**Provided data:**

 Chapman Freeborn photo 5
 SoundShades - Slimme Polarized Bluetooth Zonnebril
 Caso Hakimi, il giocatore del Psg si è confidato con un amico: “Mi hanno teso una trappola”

==

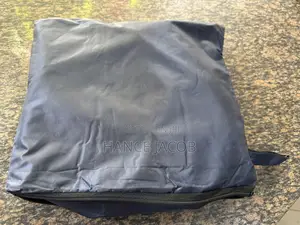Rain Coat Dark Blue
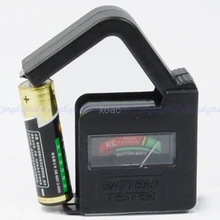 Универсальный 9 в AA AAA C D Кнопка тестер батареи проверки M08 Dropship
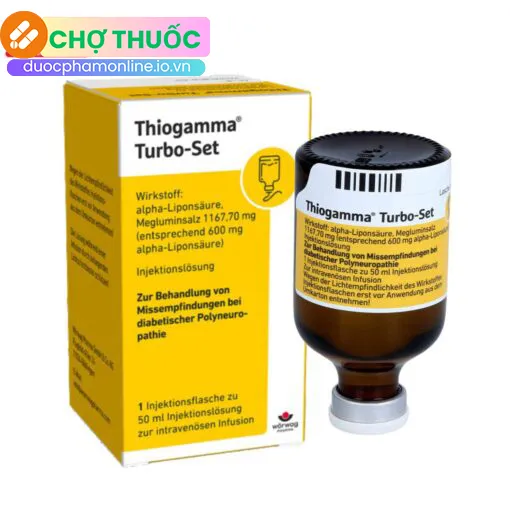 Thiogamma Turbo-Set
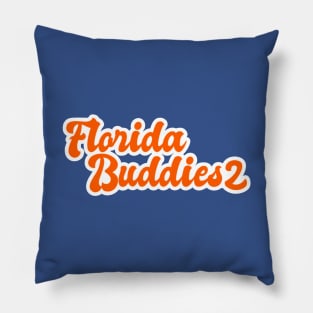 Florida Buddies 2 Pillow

**What the task requires:** Retype the portion of the data above that starts on the line with "Chapman Freeborn photo 5" and finishes on the line with "Caso Hakimi, il", including both of those lines.

**Finished exercise:**
 Chapman Freeborn photo 5
 SoundShades - Slimme Polarized Bluetooth Zonnebril
 Caso Hakimi, il giocatore del Psg si è confidato con un amico: “Mi hanno teso una trappola”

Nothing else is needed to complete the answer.